A collection of linked stories that celebrate those who relish human connection in an increasingly isolated world. Stories include the tale of an undocumented boy’s drowning when a wave pulls him out to sea, an ex-FBI agent’s surveillance of a man who leaves chocolate bars at a tree in a weekly ritual, a mother on meth who teaches a lesson on mercy, and Kite Man, who flies kites from a fishing pole and sells drugs on the side. His motto: When the kites fly, you can buy.


June 28, 2023

Selected Verse: A Bilingual Edition, revised. by Federico Garcia Lorca; Edited by Christopher Mauer, Translated by Catherine Brown, New York: Farrar, Straus and Giroux, c2004.

ISBN: 9780374528553

The entire poetic spectrum of Spain’s greatest modern poet and dramatist is showcased in this new bilingual anthology. Lorca (1898-1937) drew upon his country’s rich and sonorous musical tradition for inspiration, and his early poems are spellbindingly beautiful, animated with the sweet breath of the Andalusian land he loved so much and lit with images and metaphors as bright and quick as birds. … [Lorca] scholar Maurer has chosen well from all 10 of Lorca’s published poetry collections as well as from a selection of previously uncollected works, and the translations are superb.— Donna Seaman, Booklist

Selected verse from the poet who “expanded the scope of lyric poetry” (Rafael Campo, The Washington Post). The work of Federico García Lorca, Spain’s greatest modernist poet, has long been admired for its emotional intensity and metaphorical brilliance.

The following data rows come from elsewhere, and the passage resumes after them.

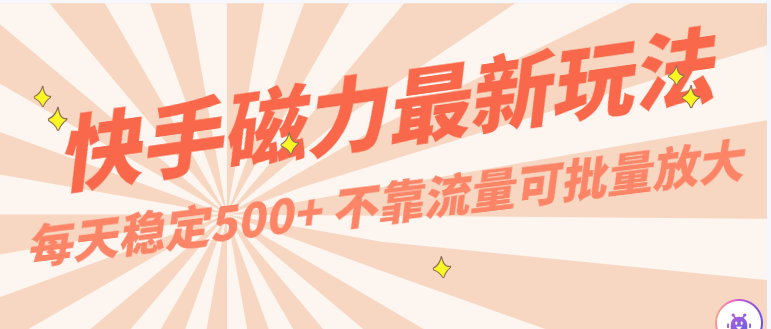 每天稳定500+，外面卖2980的快手磁力最新玩法，不靠流量可批量放大，手机电脑都可操作跨境课程-外贸教程-精品网课-电商运营课库课堂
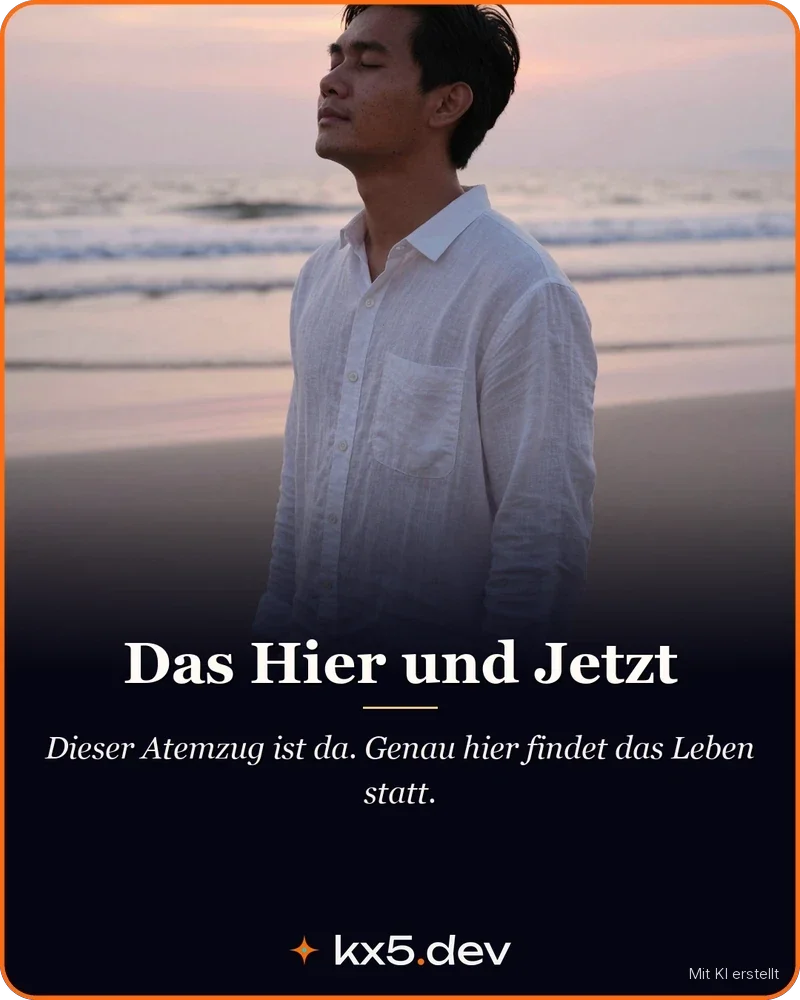 Das Hier und Jetzt: Dieser Atemzug ist da. Genau hier findet das Leben statt.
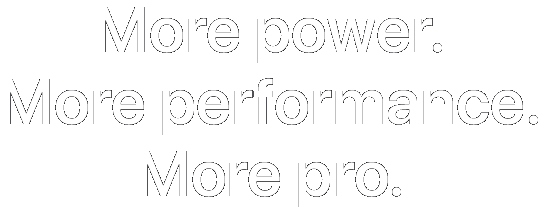 More power. More performance. More pro.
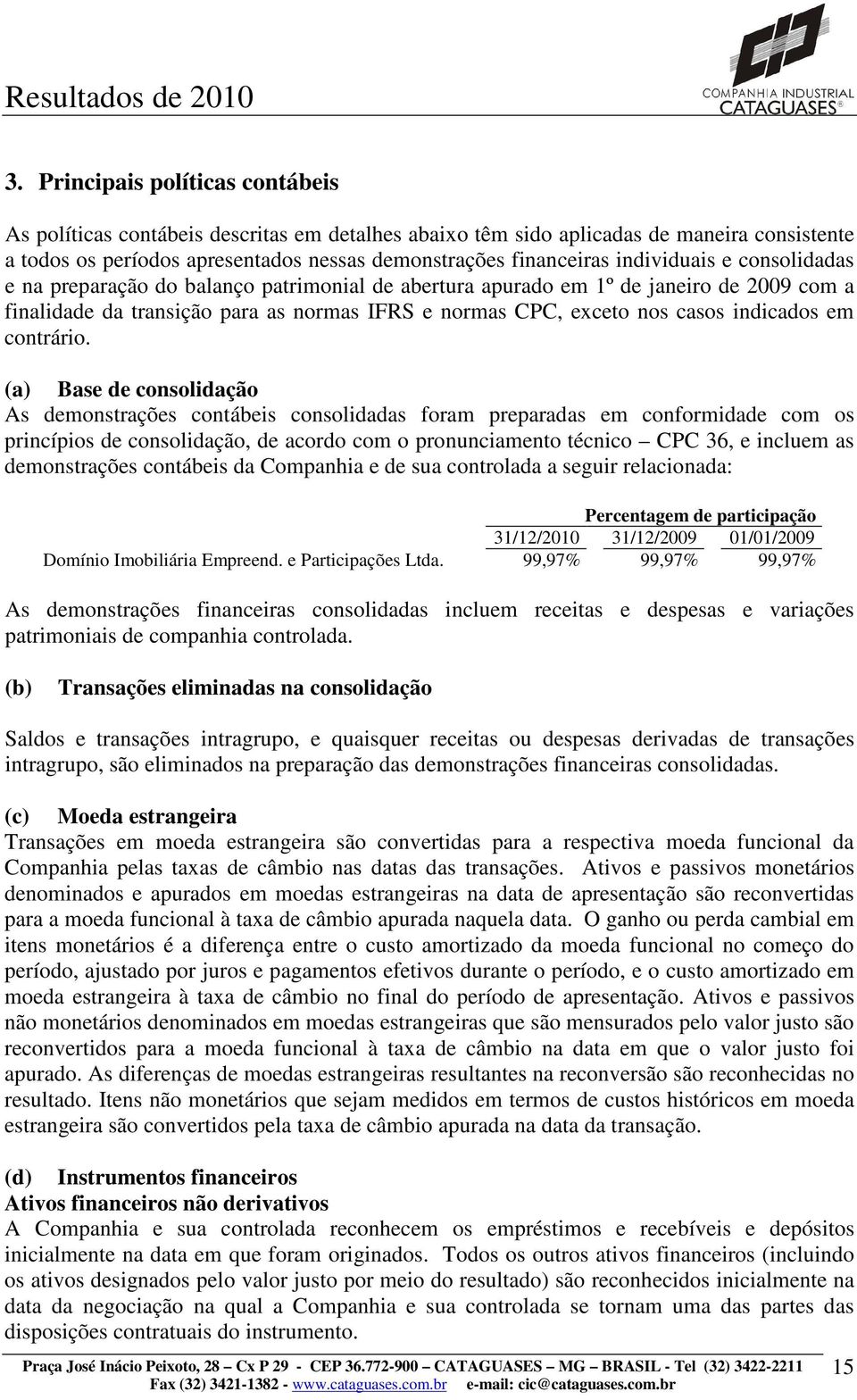 indicados em contrário.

The revised Selected Verse, which incorporates changes made to García Lorca’s Collected Poems, is an essential addition to any poetry lover’s bookshelf. In this bilingual edition, García Lorca’s poetic range comes clearly into view, from the playful Suites and stylized evocations of Andalusia to the utter gravity and mystery of the final elegies, confirming his stature as one of the twentieth century’s finest poets.